═══ Source material

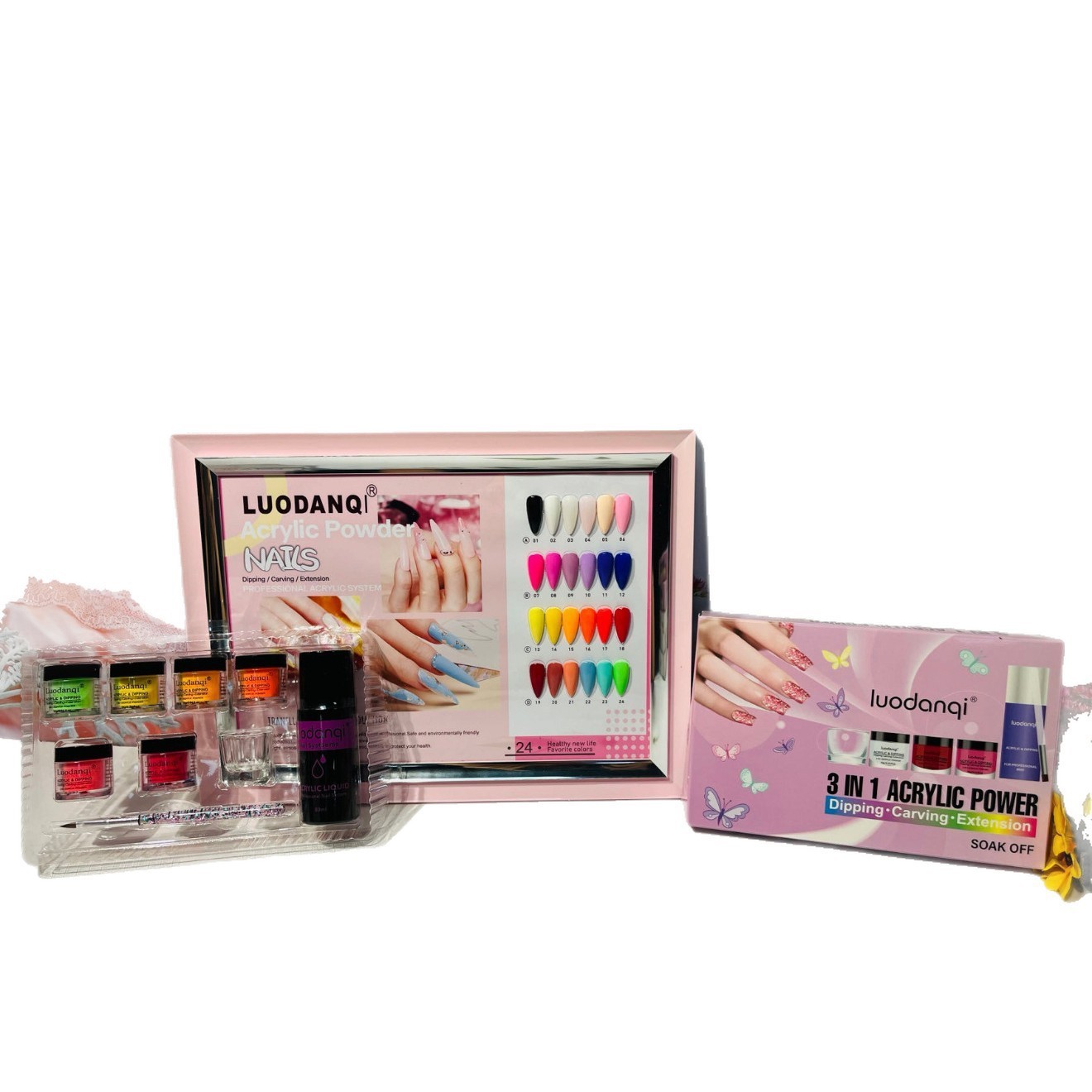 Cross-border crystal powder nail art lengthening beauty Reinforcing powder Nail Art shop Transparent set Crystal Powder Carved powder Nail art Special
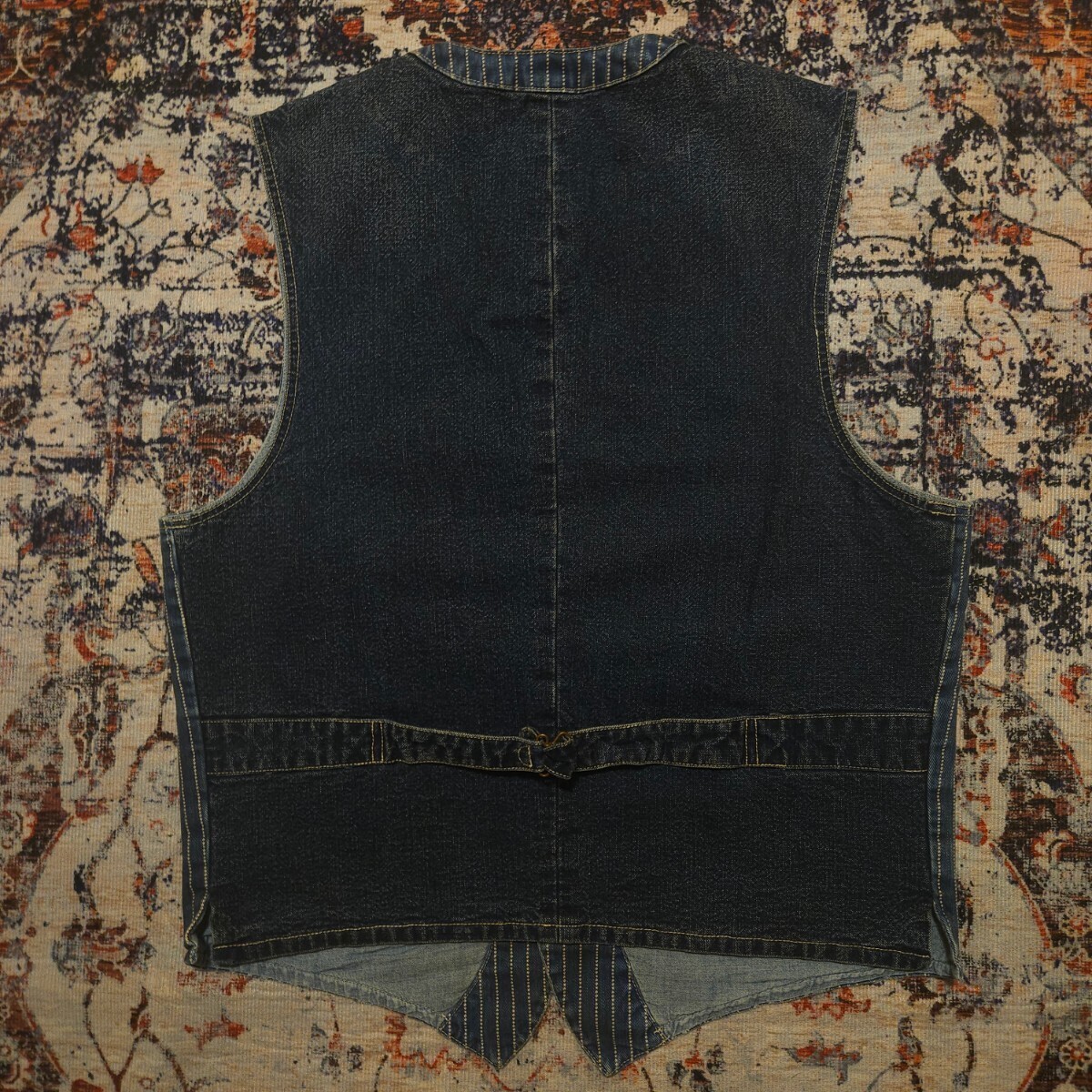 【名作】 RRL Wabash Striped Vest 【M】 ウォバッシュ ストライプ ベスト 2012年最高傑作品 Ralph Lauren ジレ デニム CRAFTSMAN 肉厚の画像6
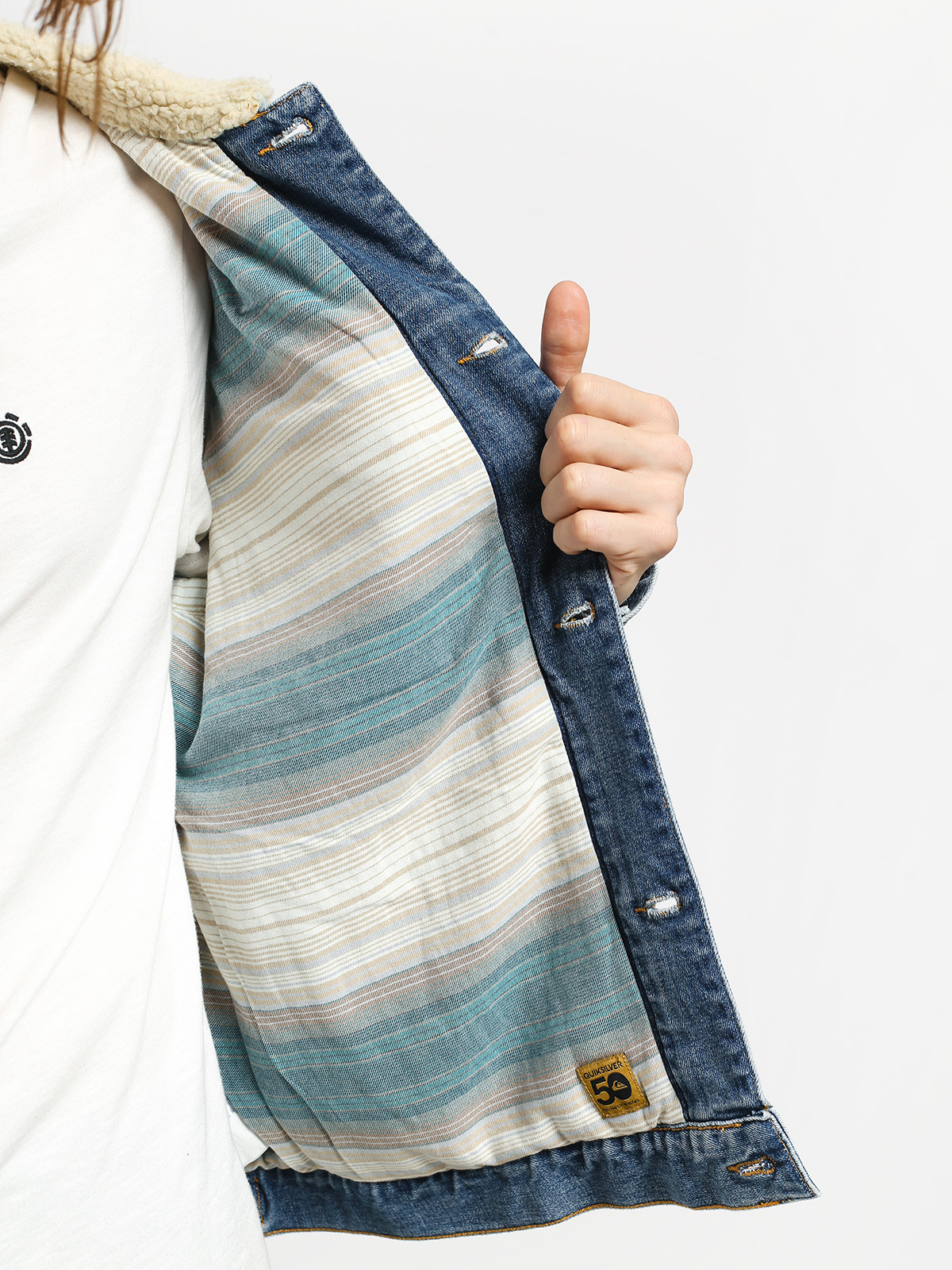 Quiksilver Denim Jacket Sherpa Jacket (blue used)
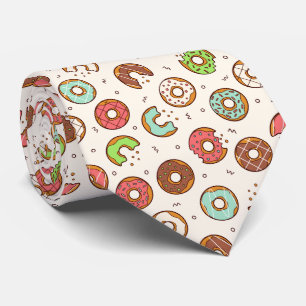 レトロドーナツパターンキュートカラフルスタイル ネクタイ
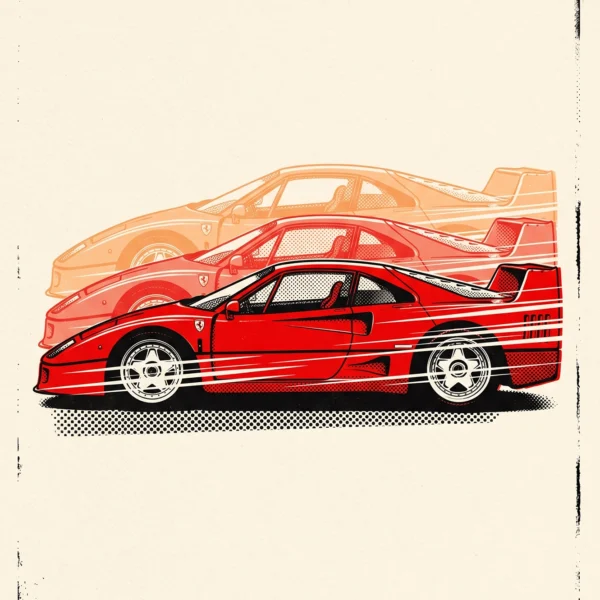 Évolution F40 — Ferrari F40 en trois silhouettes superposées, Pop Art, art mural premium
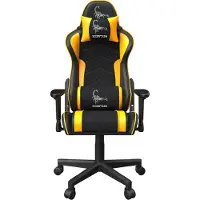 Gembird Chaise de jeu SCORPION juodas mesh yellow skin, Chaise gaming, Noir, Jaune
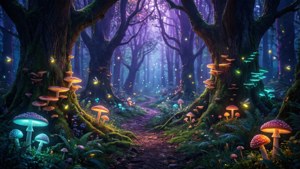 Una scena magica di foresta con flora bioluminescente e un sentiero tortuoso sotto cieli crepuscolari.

══════

■ Work item: Pictures are skipped here. Print exactly, and only, the lines from the one holding "Évolution F40 —" through the final line of the material above, both ends included.

■ Completed task:
 Évolution F40 — Ferrari F40 en trois silhouettes superposées, Pop Art, art mural premium
 Gembird Chaise de jeu SCORPION juodas mesh yellow skin, Chaise gaming, Noir, Jaune
 Una scena magica di foresta con flora bioluminescente e un sentiero tortuoso sotto cieli crepuscolari.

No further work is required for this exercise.